ママは日ごろからわしの言うことをち~とも信じてくれないのだ。だから何事もひとつひとつ調べてしまうのだ。
こういうママの生き方を「帰納法」というのだ。
だから、わしもママのまねをして一つ一つ調べてみるのだ。何を調べるか?って、そんなのは簡単なのだ。
三角形を書きなさい。角度をを測ってみるのだ。そして全部の角度を足す。180度になったのだ。
別の三角形を書いてみるのだ。また角度を測って足してみると…驚いたのだ!また180度ではないか。
う~む、ではもう一つ書いて測ってみるのだ。今度は違ってみせるのだ。
やややっ!またもや180度なのだ。
こいつら三角形はみんなでグルになってわしを混乱させようとしているのだ。
これは三角形の陰謀なのだ。「パパ、違うよ!」
お~、その声はわしの息子のハジメではないか。
「パパ、三角形はどれを書いても角度の和は180度になるんだよ。」
〈わ〉になるんだったら、〇になるではないのか。「そっちの輪じゃないよ。足す方の和だよ。」
なんだ、わしは三角が丸くなってしまうのかと思ってトンボガエリしそうになったのだ。
でもハジメはどうしてそんなことがわかるのだ?
「演繹法だよ。パパ。」
う~む、また難しい言葉を出してわしを困らせようとしているのだ。
「演繹法っていうのはネ、推論によってナットクする方法なんだよ。」
納豆を食うよりもナットクできるのか?不思議なものなのだ。
「パパだってふつうにやってるよ。1足す1はわかるでしょ?」
バカにしてはいけないのだ。ママが昨日買ってきたミカンがひとつ、今日もひとつくれたから全部で2個なのだ。
「じゃあ、1足す2は?」そんなの簡単なのだ。今日くれるミカンを2個にしてもらえば3個になるのだ。
「それじゃあ、1足す10は?」それも簡単なのだ。ミカンの数をママが増やしてくれれば答えは全部出るのだ。

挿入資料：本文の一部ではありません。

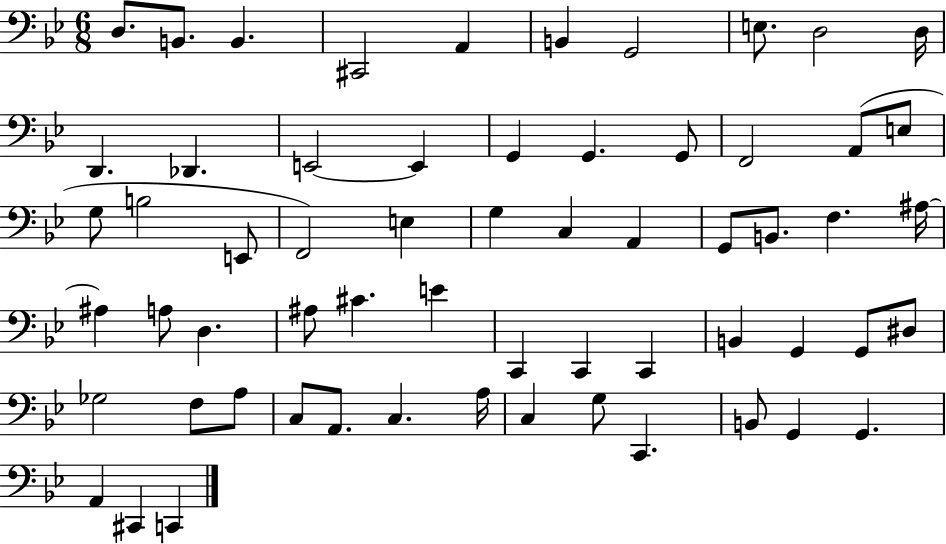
{
  \clef bass
  \numericTimeSignature
  \time 6/8
  \key bes \major
  d8. b,8. b,4. | cis,2 a,4 | b,4 g,2 | e8. d2 d16 | \break d,4. des,4. | e,2~~ e,4 | g,4 g,4. g,8 | f,2 a,8( e8 | \break g8 b2 e,8 | f,2) e4 | g4 c4 a,4 | g,8 b,8. f4. ais16~~ | \break ais4 a8 d4. | ais8 cis'4. e'4 | c,4 c,4 c,4 | b,4 g,4 g,8 dis8 | \break ges2 f8 a8 | c8 a,8. c4. a16 | c4 g8 c,4. | b,8 g,4 g,4. | \break a,4 cis,4 c,4 | \bar "|."
}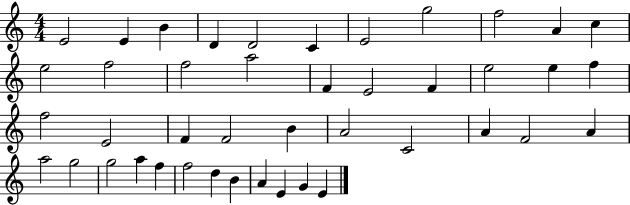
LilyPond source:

{
  \clef treble
  \numericTimeSignature
  \time 4/4
  \key c \major
  e'2 e'4 b'4 | d'4 d'2 c'4 | e'2 g''2 | f''2 a'4 c''4 | \break e''2 f''2 | f''2 a''2 | f'4 e'2 f'4 | e''2 e''4 f''4 | \break f''2 e'2 | f'4 f'2 b'4 | a'2 c'2 | a'4 f'2 a'4 | \break a''2 g''2 | g''2 a''4 f''4 | f''2 d''4 b'4 | a'4 e'4 g'4 e'4 | \break \bar "|."
}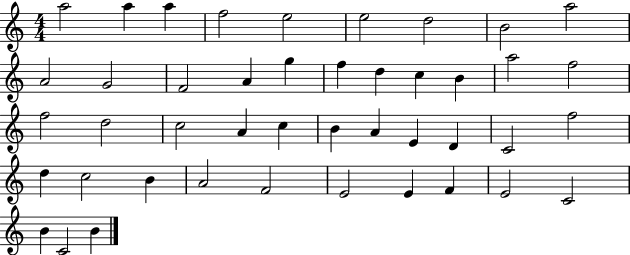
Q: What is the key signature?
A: C major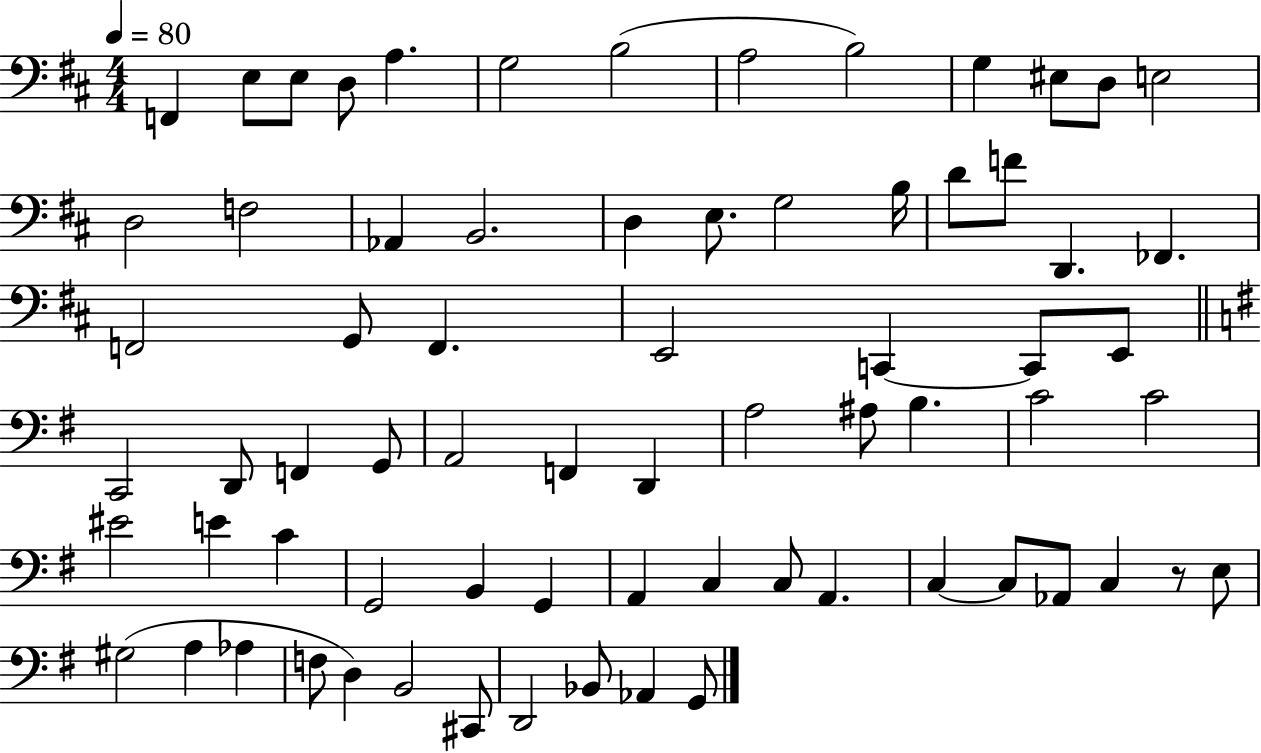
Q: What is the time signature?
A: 4/4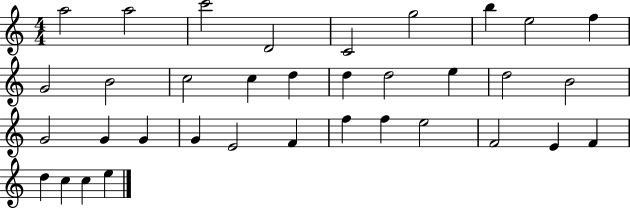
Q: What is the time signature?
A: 4/4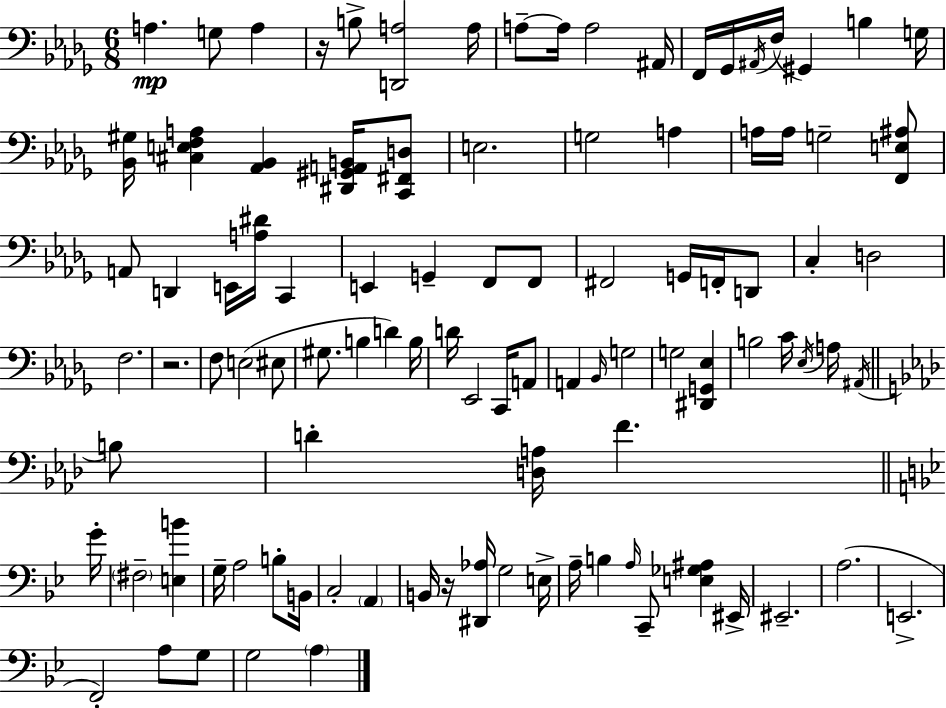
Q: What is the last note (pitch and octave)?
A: A3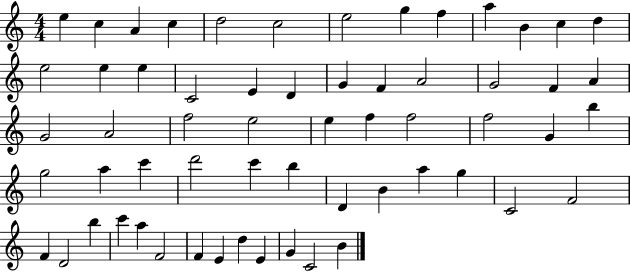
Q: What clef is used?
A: treble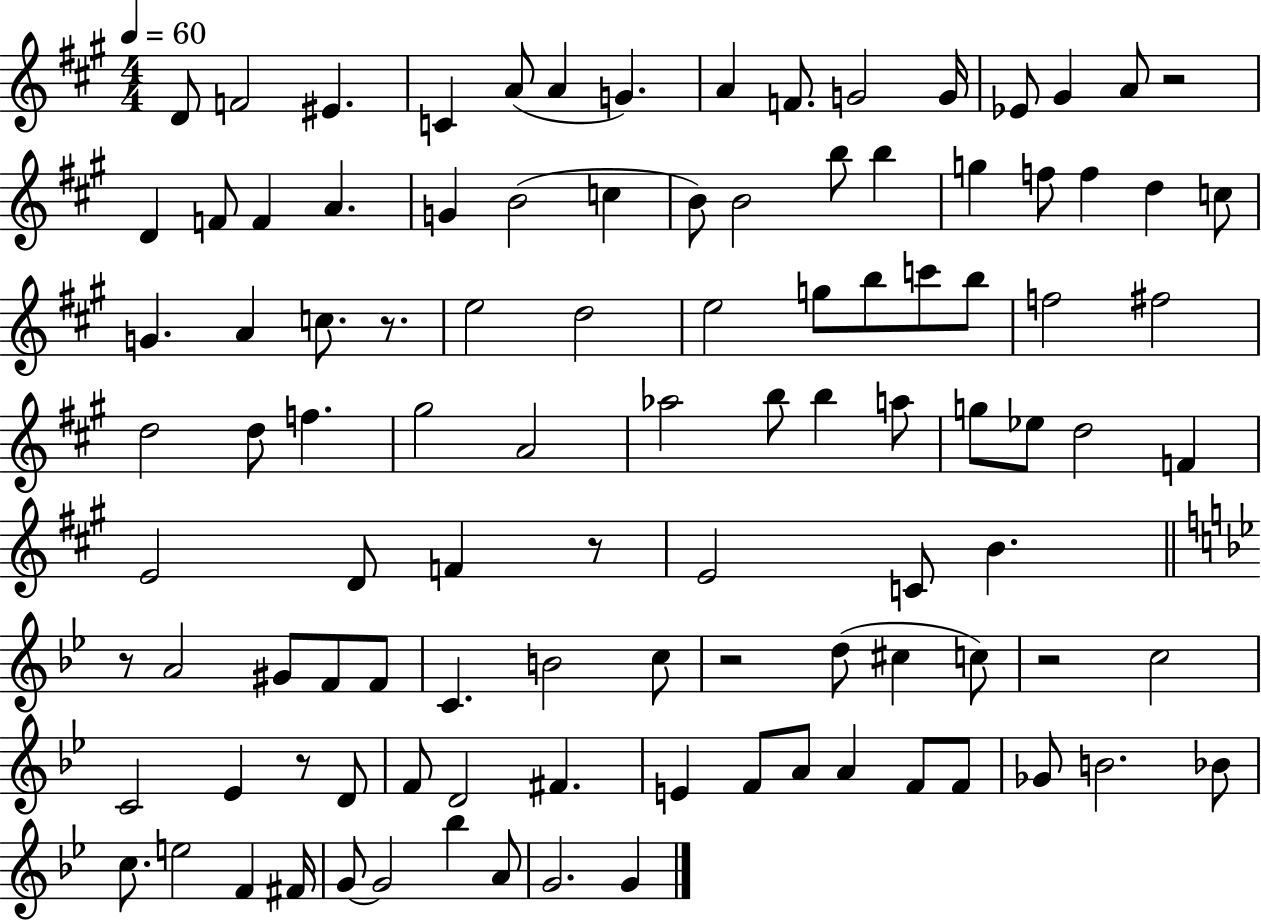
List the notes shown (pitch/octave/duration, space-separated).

D4/e F4/h EIS4/q. C4/q A4/e A4/q G4/q. A4/q F4/e. G4/h G4/s Eb4/e G#4/q A4/e R/h D4/q F4/e F4/q A4/q. G4/q B4/h C5/q B4/e B4/h B5/e B5/q G5/q F5/e F5/q D5/q C5/e G4/q. A4/q C5/e. R/e. E5/h D5/h E5/h G5/e B5/e C6/e B5/e F5/h F#5/h D5/h D5/e F5/q. G#5/h A4/h Ab5/h B5/e B5/q A5/e G5/e Eb5/e D5/h F4/q E4/h D4/e F4/q R/e E4/h C4/e B4/q. R/e A4/h G#4/e F4/e F4/e C4/q. B4/h C5/e R/h D5/e C#5/q C5/e R/h C5/h C4/h Eb4/q R/e D4/e F4/e D4/h F#4/q. E4/q F4/e A4/e A4/q F4/e F4/e Gb4/e B4/h. Bb4/e C5/e. E5/h F4/q F#4/s G4/e G4/h Bb5/q A4/e G4/h. G4/q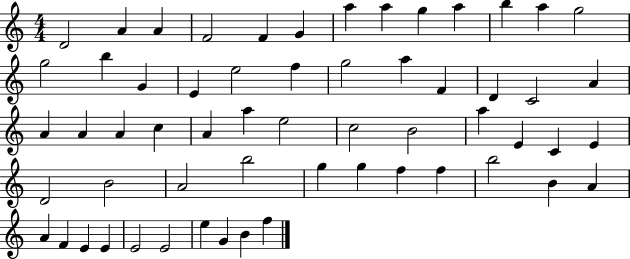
D4/h A4/q A4/q F4/h F4/q G4/q A5/q A5/q G5/q A5/q B5/q A5/q G5/h G5/h B5/q G4/q E4/q E5/h F5/q G5/h A5/q F4/q D4/q C4/h A4/q A4/q A4/q A4/q C5/q A4/q A5/q E5/h C5/h B4/h A5/q E4/q C4/q E4/q D4/h B4/h A4/h B5/h G5/q G5/q F5/q F5/q B5/h B4/q A4/q A4/q F4/q E4/q E4/q E4/h E4/h E5/q G4/q B4/q F5/q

「ほらね、全部計算しなくてもパパは足し算の答えを推論でナットクしているじゃない…。」
う~む、またもやハジメにナットクさせられてしまったのだ。
「数学っていうのはこうやって、一般的な命題からいろいろな特別の命題を推論していく勉強なんだよ。パパ!」
けれども、すべてやりもしないで推論でナットクしてしまうとは、ずいぶん怠け者の勉強なのだ。
数学は一つ一つ調べてはいけないのか?ハジメ!
「一つ一つ調べてルールを見つけるやり方は演繹法の反対の方法だから、『数学的帰納法』といって区別しているんだよ。」
またまたわしの困る言葉が出てきたぞ。
「じゃあ、パパ、ここにドミノを並べてみてよ。」
「ピザを並べるのか?」
「違うよ、いつもお兄ちゃんと遊んでいる四角いやつだよ。」
なんだ、そんなの簡単なのだ。…これでいいのか?
「じゃあ、パパ、最初の一つを倒すとどうなる?」
どうもこうもないのだ!2枚目が倒れるのだ。
「じゃあ2枚目が倒れたら?」3枚目が倒れるのだ!
「3枚目が倒れたら?」そんなこと決まっているのだ。4枚目が倒れるのだ。
「パパ、それを繰り返したら?」
ぜ~んぶ倒れるのだ。
「だから、最初の1枚、2枚で起きることから、こうなるかな~と思って、それがどこを倒しても同じように倒れたら全部のドミノで同じことがいえることになるじゃない。」
な~んだ、そういう方法を早くママに教えてあげれば、わしの言うことを一つ一つ調べなくてもママは信じてくれるのだ。
ハジメ!その「数学的帰納法」というやつをママに教えてあげなさい。